At the same time, Dell will have to be cognizant about concerns of ‘soup-to-tiramisu' offerings on a customer's digestive system. One-stack vendors are easily polarized this way or the other depending on a customer's set of issues, flexibility preferences and the good old' lock-in nightmare.

Sridhar admits that there is no one answer here. "No one model is being exclusively adopted. Depending on opportunities or options, we will offer what customer would be happy with. That said, even in a one-stack environment, a customer is not necessarily disadvantaged solely because we are not a proprietary-bent company but a rather open-approach vendor like I have mentioned already."

It is fascinating not to dwell on what made this vendor so open. Is it because industry standards have thankfully kept pace with what customers want or can credit also be due to Dell's own development efforts?

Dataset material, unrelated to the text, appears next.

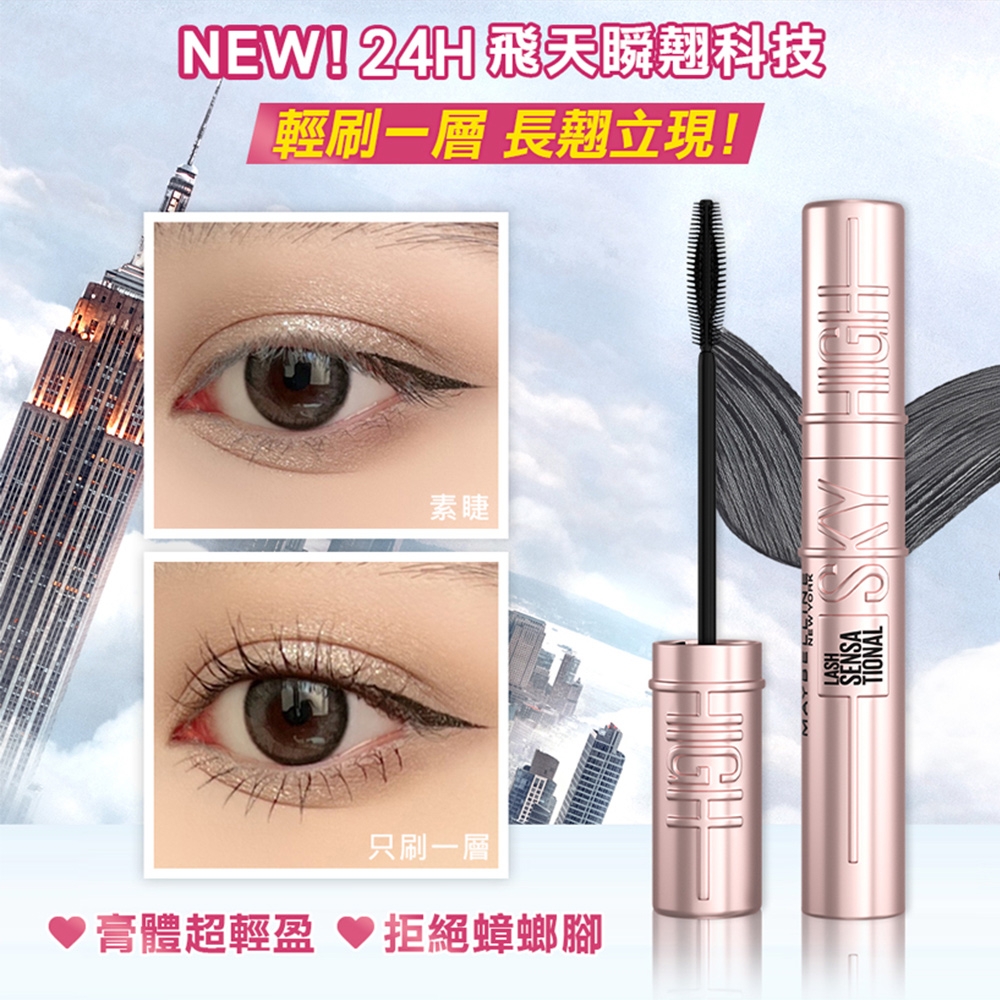 Sky High 飛天翹防水睫毛膏 3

Sridhar attributes the pat to both factors. "Industry progress as well our own R&D has helped. We provide choices with layers and connectors in our entire set. In fact, gone are the days when one organization can cover all the distance. Combined development efforts in the industry are commendable. That's why we are proud of good relationships with our partners and we can boast of a great ecosystem."

 

The company has been growing in all directions and taking partners or new adopted kids under its fold with quite an embrace. From acquisitions to partnerships, there is always some news worth noting.

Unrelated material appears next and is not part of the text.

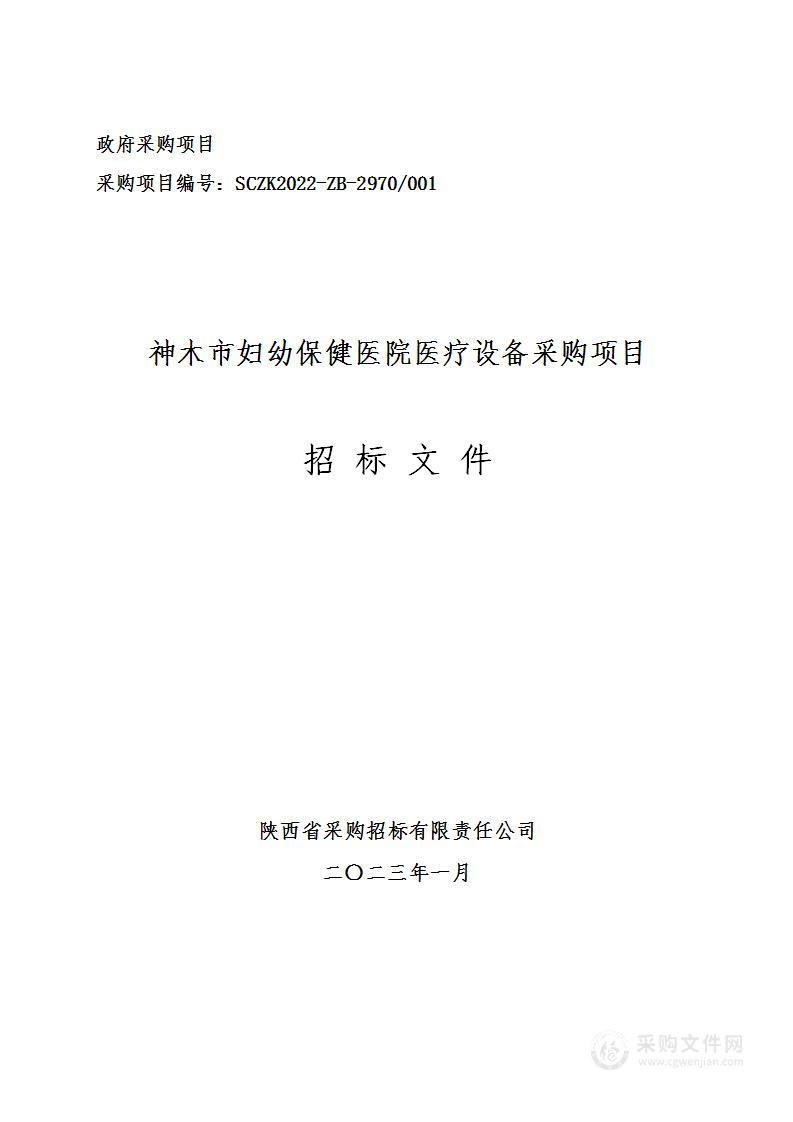 神木市妇幼保健医院医疗设备采购项目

For instance, a change in equations with stalwarts like EMC, seems not to perturb Dell's trajectory.

Atkinson reflects that Dell was in an OEM slot there and it was a win-win situation for both. "OEM relationships are tipping your toes in water. Reselling and IP areas are a different game. The value is in delivering it is with a good storage strategy. And Dell has ensured that customers are not hit unfairly with such changes. There was no dichotomy at our end after the decision happened, so that our customers kept feeling smooth. We eased them out without any sharp in-your-face discriminations."

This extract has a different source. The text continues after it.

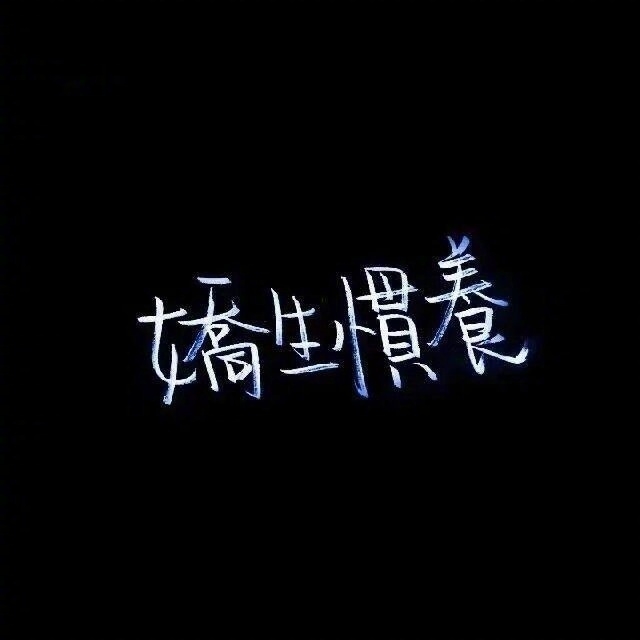 字里行间 人我两忘 相对无言.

Bahl highlights that one of the key challenges for Dell is to integrate all its software acquisitions into a cohesive product line to position itself as a true software player.

Sridhar on the other hand, feels that the approach is on the right track here though. "Each acquisition is so well aligned to our strategy and open standards that our customers can feel it right on. Our solutions resonate the needs of market and it is not because of only our sales push. With acquisitions we make sure to blend them properly, and fluid data architecture or Gale (where we could shrink its very roadmap by 12 o 15 years) or anything else, we have the ‘fluid forward' tenet sounding very strongly in and around Dell."

All said...

The Dell-on-Dell approach has also allowed the company to pick lessons by wiping other guinea pigs off the table. "The biggest lesson has been that customers want business outcomes. No one buys technology for the sake of it. We have been taking customer feedback and incorporating it every level, from strategic moves to products."

In Bahl's reckoning, opportunities are right there and up for grabs if one sees it well.

Mobility (BYOD, customer and partner facing applications) has started CIOs to rethink their security strategy and they are looking for vendors with strong security services background to help them address mobility aspect for their organization. "Dell has an opportunity to position itself as a strong security services player in the market. However, a lot will depend on how well Dell executes its services strategy in the country."

Services, open-play, end-to-end menu card and room for radical changes; all that says a lot on what Dell may be up to. With all this change that the company is going through, the top brass here echoes what boss might be saying with a thrust on other tables.

 

Atkinson makes it clear commenting on turnaround, "We are making the right interventions, doing the right things and in the right ways."

Straws to sip, or straws to swim out of drowning waters, it's all about the right grip.